Text in the records must be reproduced exactly, and pictures must be skipped.

Input data -
■ ■ ■ ■ ■ ■ ■
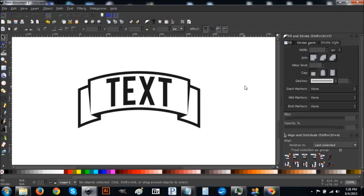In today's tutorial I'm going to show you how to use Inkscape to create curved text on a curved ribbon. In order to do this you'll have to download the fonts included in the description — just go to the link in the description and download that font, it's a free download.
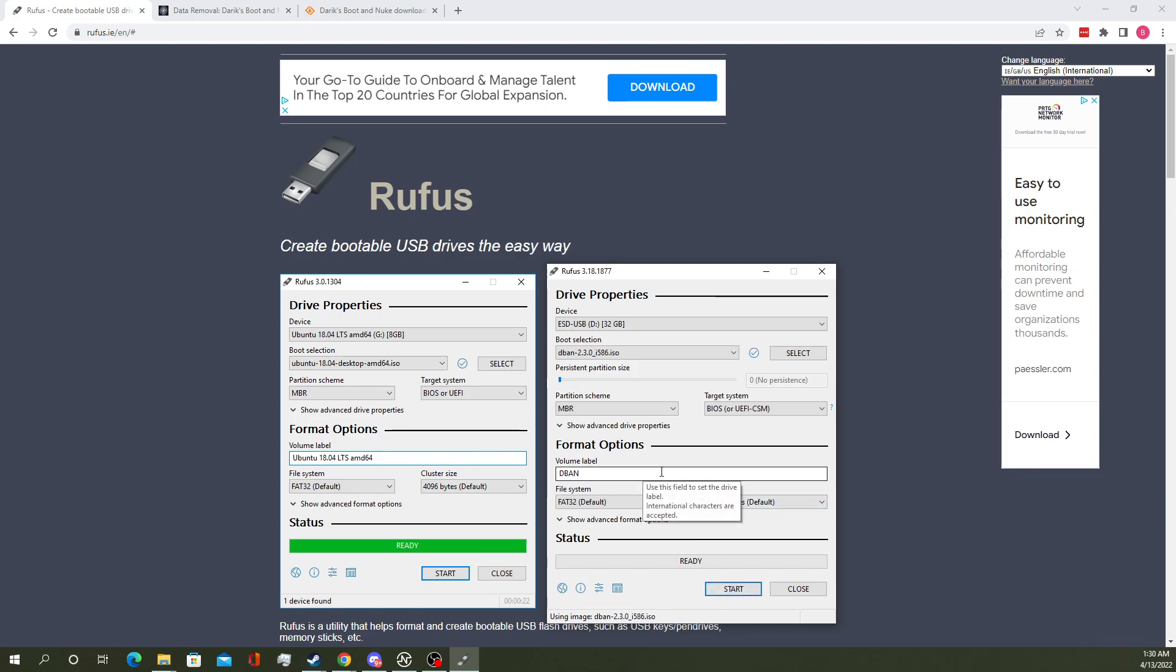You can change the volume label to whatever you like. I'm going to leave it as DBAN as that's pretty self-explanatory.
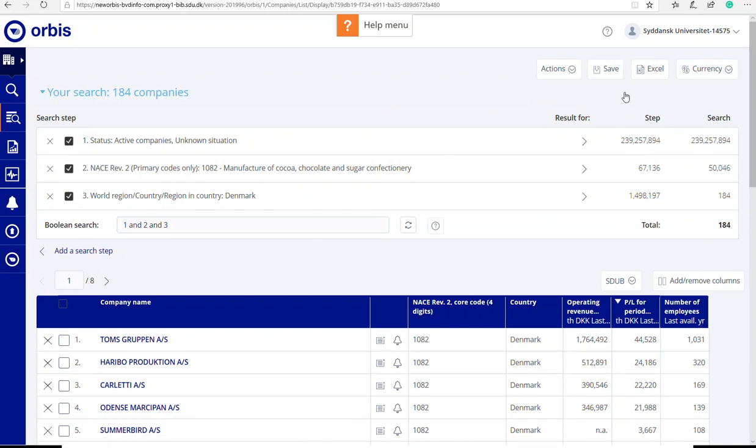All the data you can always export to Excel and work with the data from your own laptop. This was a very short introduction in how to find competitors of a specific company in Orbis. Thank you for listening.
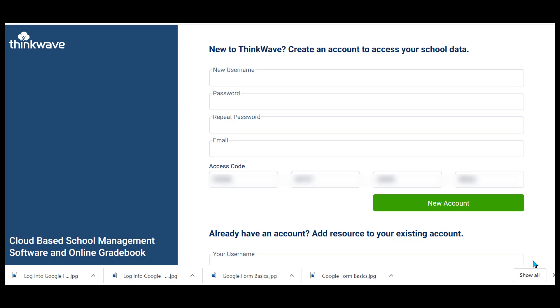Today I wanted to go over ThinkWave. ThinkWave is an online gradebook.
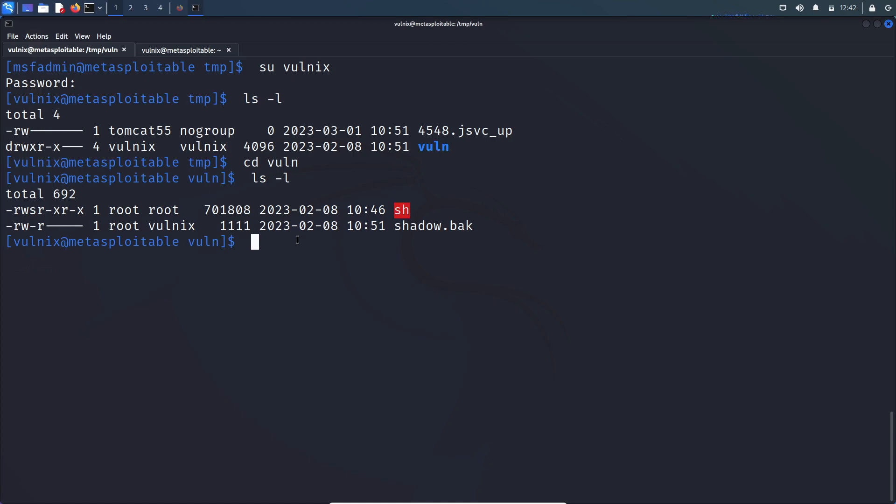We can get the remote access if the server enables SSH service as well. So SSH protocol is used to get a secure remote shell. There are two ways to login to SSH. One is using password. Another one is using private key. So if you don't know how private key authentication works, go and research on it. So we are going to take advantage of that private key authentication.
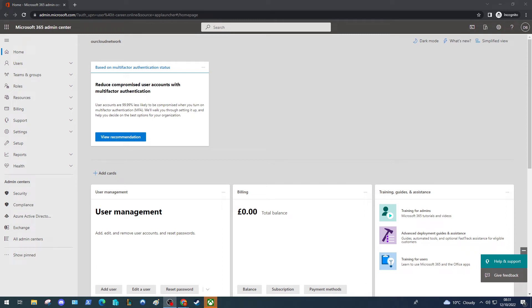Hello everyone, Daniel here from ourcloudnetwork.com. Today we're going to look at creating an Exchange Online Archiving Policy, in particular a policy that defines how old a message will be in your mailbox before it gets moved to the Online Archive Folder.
■ ■ ■ ■ ■ ■ ■
Result -
In today's tutorial I'm going to show you how to use Inkscape to create curved text on a curved ribbon. In order to do this you'll have to download the fonts included in the description — just go to the link in the description and download that font, it's a free download.
You can change the volume label to whatever you like. I'm going to leave it as DBAN as that's pretty self-explanatory.
All the data you can always export to Excel and work with the data from your own laptop. This was a very short introduction in how to find competitors of a specific company in Orbis. Thank you for listening.
Today I wanted to go over ThinkWave. ThinkWave is an online gradebook.
We can get the remote access if the server enables SSH service as well. So SSH protocol is used to get a secure remote shell. There are two ways to login to SSH. One is using password. Another one is using private key. So if you don't know how private key authentication works, go and research on it. So we are going to take advantage of that private key authentication.
Hello everyone, Daniel here from ourcloudnetwork.com. Today we're going to look at creating an Exchange Online Archiving Policy, in particular a policy that defines how old a message will be in your mailbox before it gets moved to the Online Archive Folder.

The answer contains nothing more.